Records START
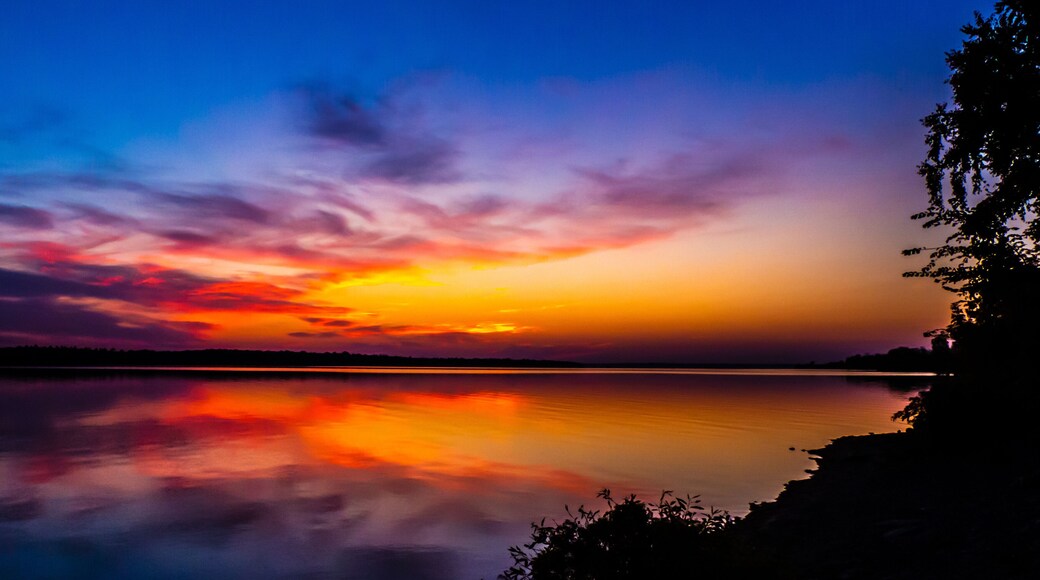 Beautiful scenic view of a vibrant sunrise over the ottawa river with the silhouette of trees on a cold morning in october.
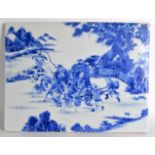 A GOOD LARGE EARLY 20TH CENTURY CHINESE BLUE AND WHITE PANEL painted with a procession, depicting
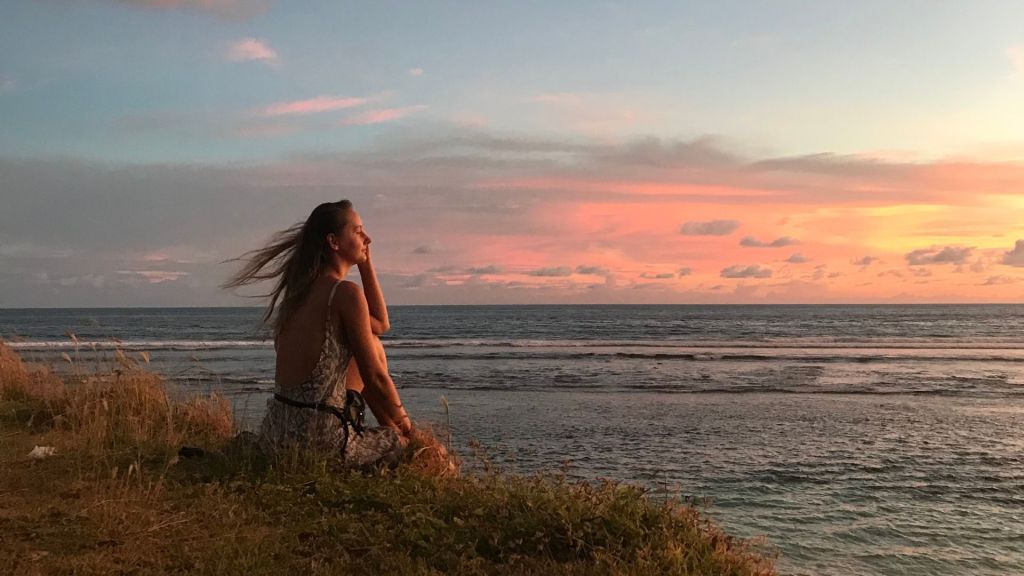 A woman sat on a clif fand looking out to sea,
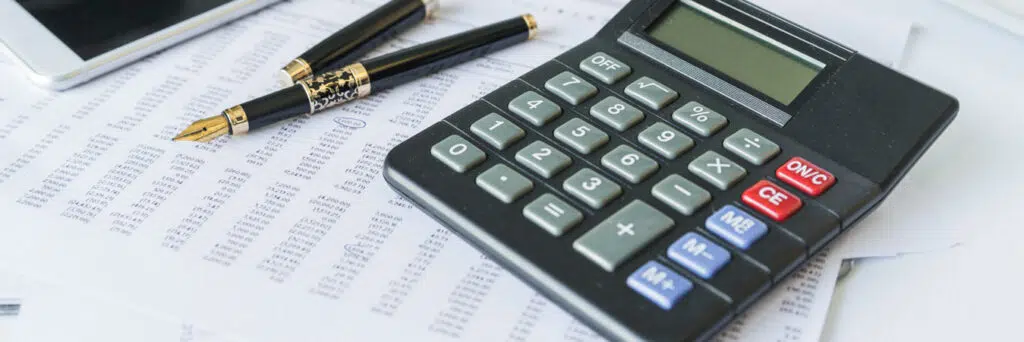 calculator on desk with documents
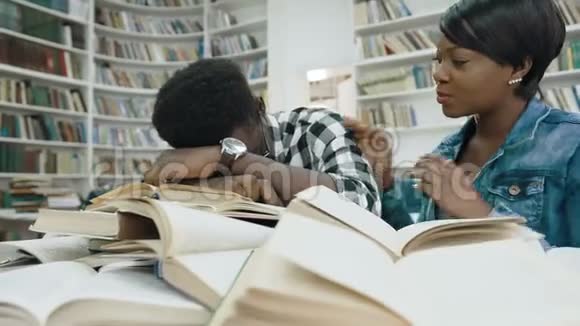 非洲女学生看书而疲惫的非洲男学生睡在书上叫醒他视频的预览图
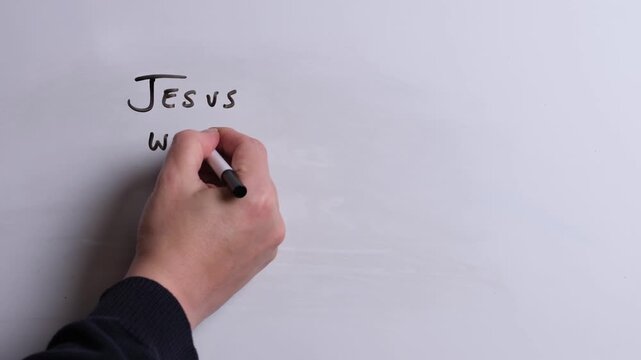 A person is writing Jesus Welcomes All in black marker pen on a whiteboard, perfect for Christian, religious themes, Church communications or faith presentations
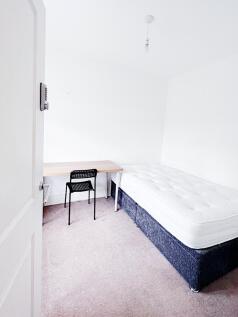 Bright, simply furnished bedroom with a comfort...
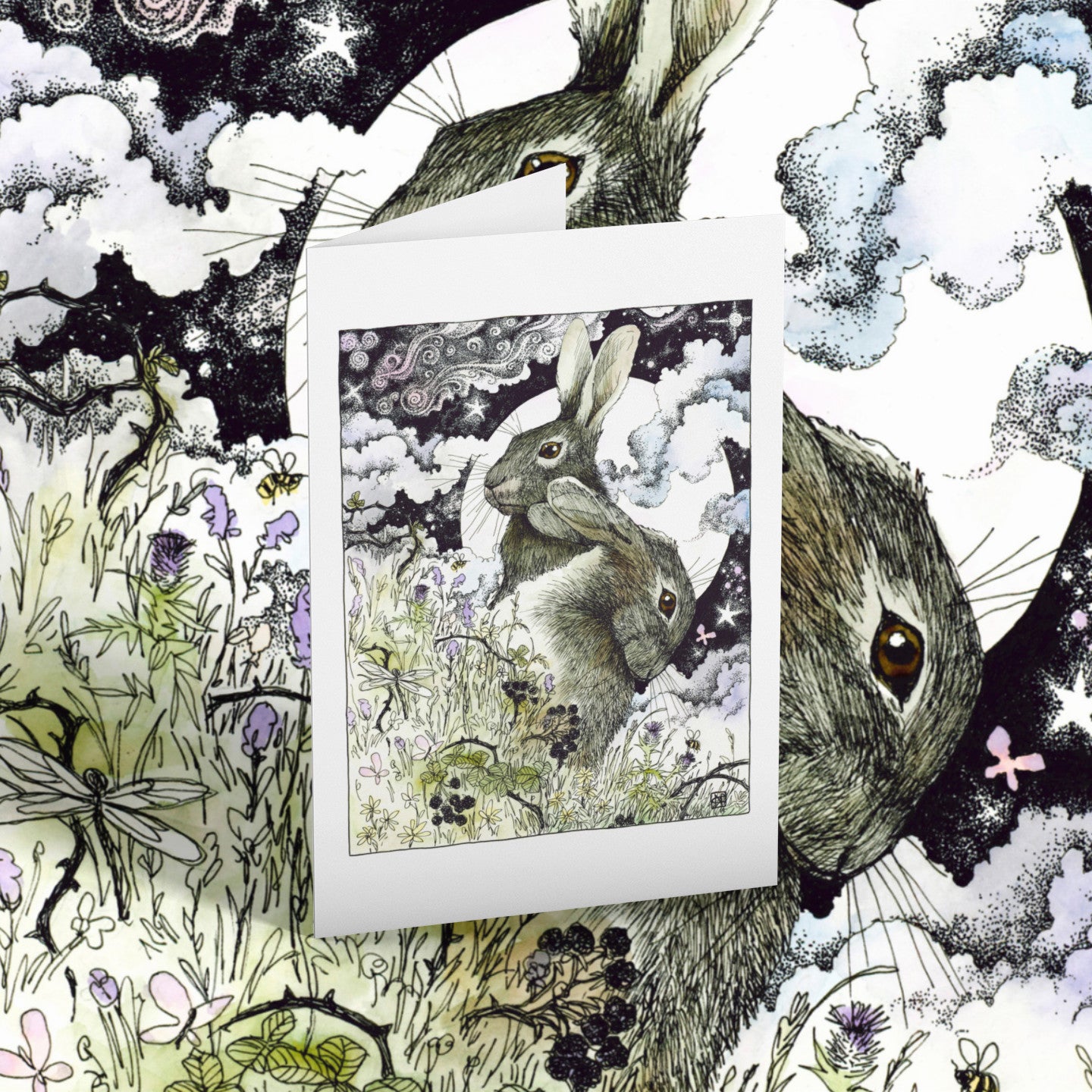 Greeting card of two hares with flowers and butterflies on a matching background.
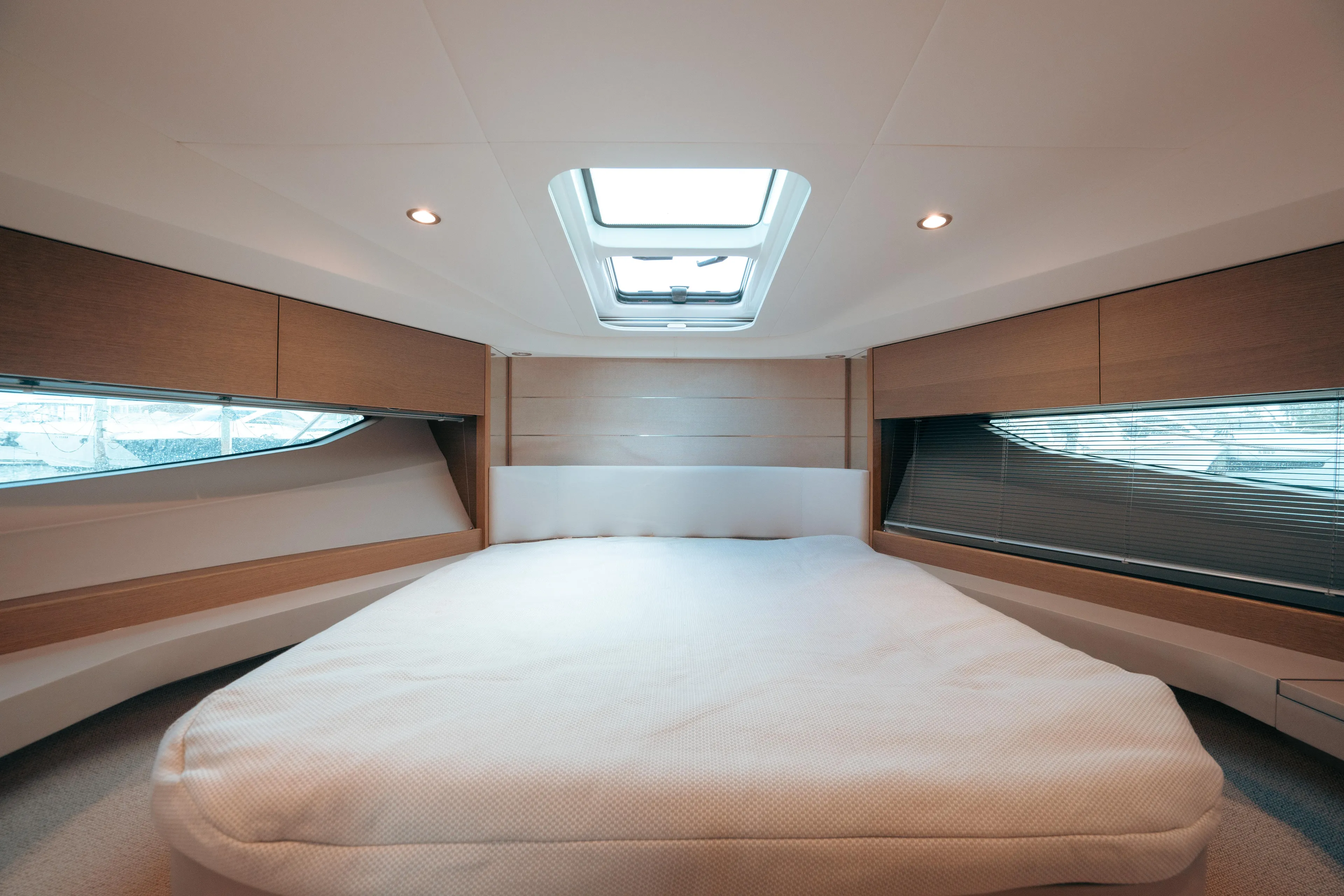 Angeliki Yacht Photos Pics Luxurious cabin interior of 2021 Princess V40 yacht with skylight and modern design.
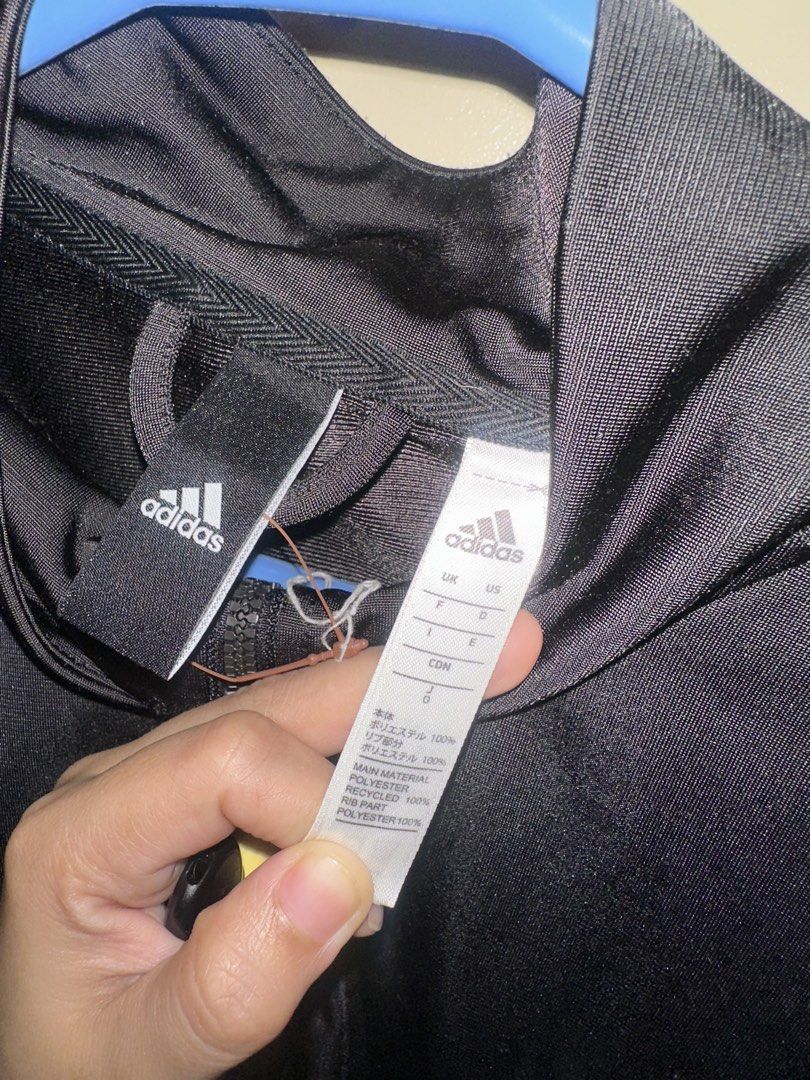 Adidas Track Jacket Black White Stripes (Category: Coats, Jackets and Outerwear) located in Manila. Submitted by chelseayb47224 (Listing ID 1458616572, Image 3). Description: - Classic Adidas track jacket - Used once - Has minimal frays in back portion (showed in listing images) - Black with iconic white sleeve stripes - Full zip front closure - Ribbed cuffs and hem for a snug fit - Crafted from recycled polyester - Versatile for sports or everyd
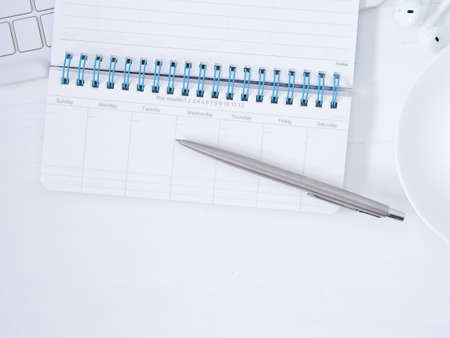White workplace desk table with monthly notebook and pen, earphones. Top view with copy space for...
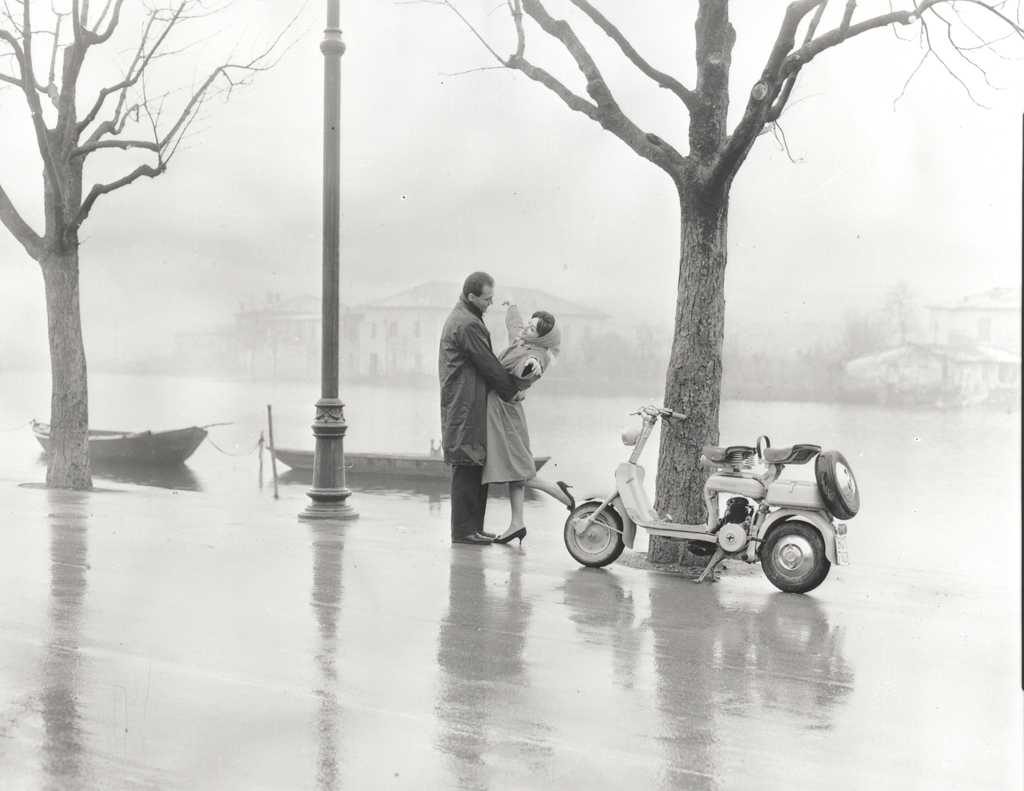 1952 man and woman holding each other next to Lambretta scooter on waterside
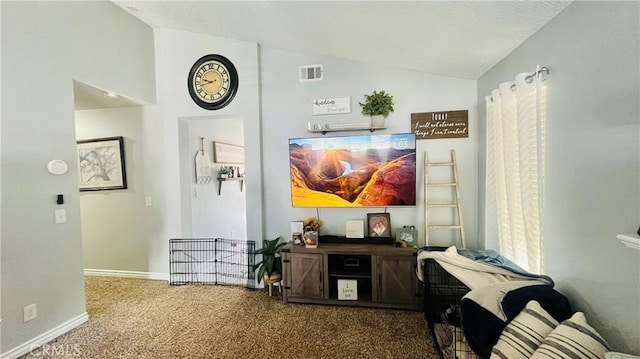 hall with visible vents, carpet floors, baseboards, and vaulted ceiling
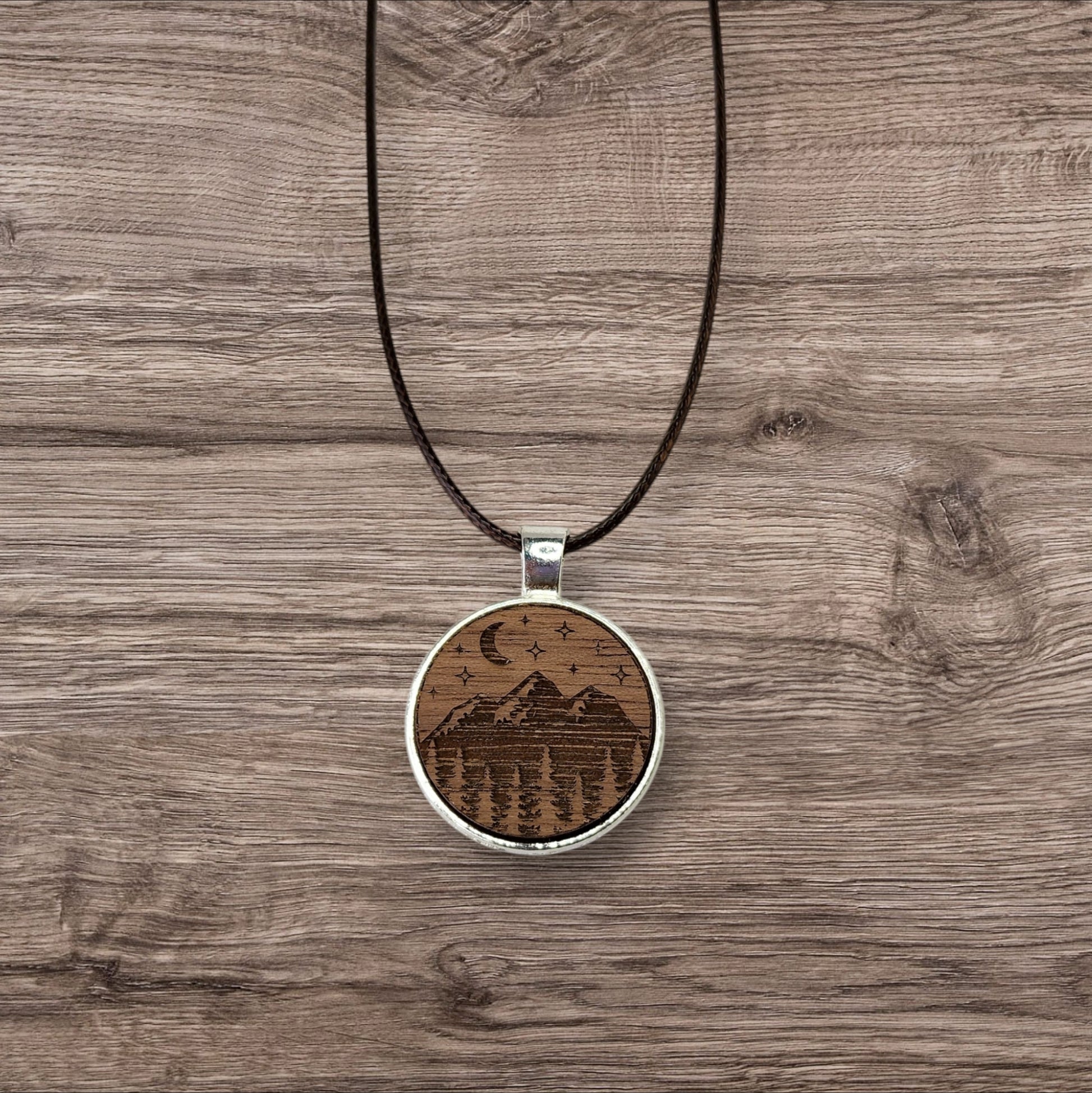 Discover the charm of nature with Mirabilia Boutique's Walnut Wood Mountain Pendant Necklace. Featuring a circular walnut pendant intricately engraved with mountains, trees, a crescent moon, and stars on a natural wooden background.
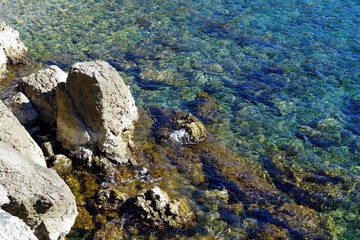 Sea environment with rock and beautiful sea beach and turquoise seawater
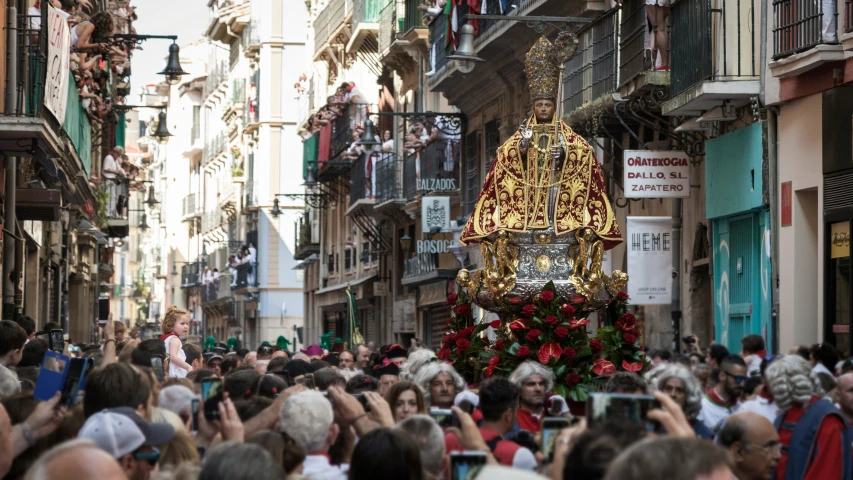 the crowded city street is lined with many people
Records END
* Problem to solve
Transcribe each of the records above precisely, with no pictures in the copy.

* Result of this exercise
 Beautiful scenic view of a vibrant sunrise over the ottawa river with the silhouette of trees on a cold morning in october.
 A GOOD LARGE EARLY 20TH CENTURY CHINESE BLUE AND WHITE PANEL painted with a procession, depicting
 A woman sat on a clif fand looking out to sea,
 calculator on desk with documents
 非洲女学生看书而疲惫的非洲男学生睡在书上叫醒他视频的预览图
 A person is writing Jesus Welcomes All in black marker pen on a whiteboard, perfect for Christian, religious themes, Church communications or faith presentations
 Bright, simply furnished bedroom with a comfort...
 Greeting card of two hares with flowers and butterflies on a matching background.
 Angeliki Yacht Photos Pics Luxurious cabin interior of 2021 Princess V40 yacht with skylight and modern design.
 Adidas Track Jacket Black White Stripes (Category: Coats, Jackets and Outerwear) located in Manila. Submitted by chelseayb47224 (Listing ID 1458616572, Image 3). Description: - Classic Adidas track jacket - Used once - Has minimal frays in back portion (showed in listing images) - Black with iconic white sleeve stripes - Full zip front closure - Ribbed cuffs and hem for a snug fit - Crafted from recycled polyester - Versatile for sports or everyd
White workplace desk table with monthly notebook and pen, earphones. Top view with copy space for...
 1952 man and woman holding each other next to Lambretta scooter on waterside
 hall with visible vents, carpet floors, baseboards, and vaulted ceiling
 Discover the charm of nature with Mirabilia Boutique's Walnut Wood Mountain Pendant Necklace. Featuring a circular walnut pendant intricately engraved with mountains, trees, a crescent moon, and stars on a natural wooden background.
 Sea environment with rock and beautiful sea beach and turquoise seawater
 the crowded city street is lined with many people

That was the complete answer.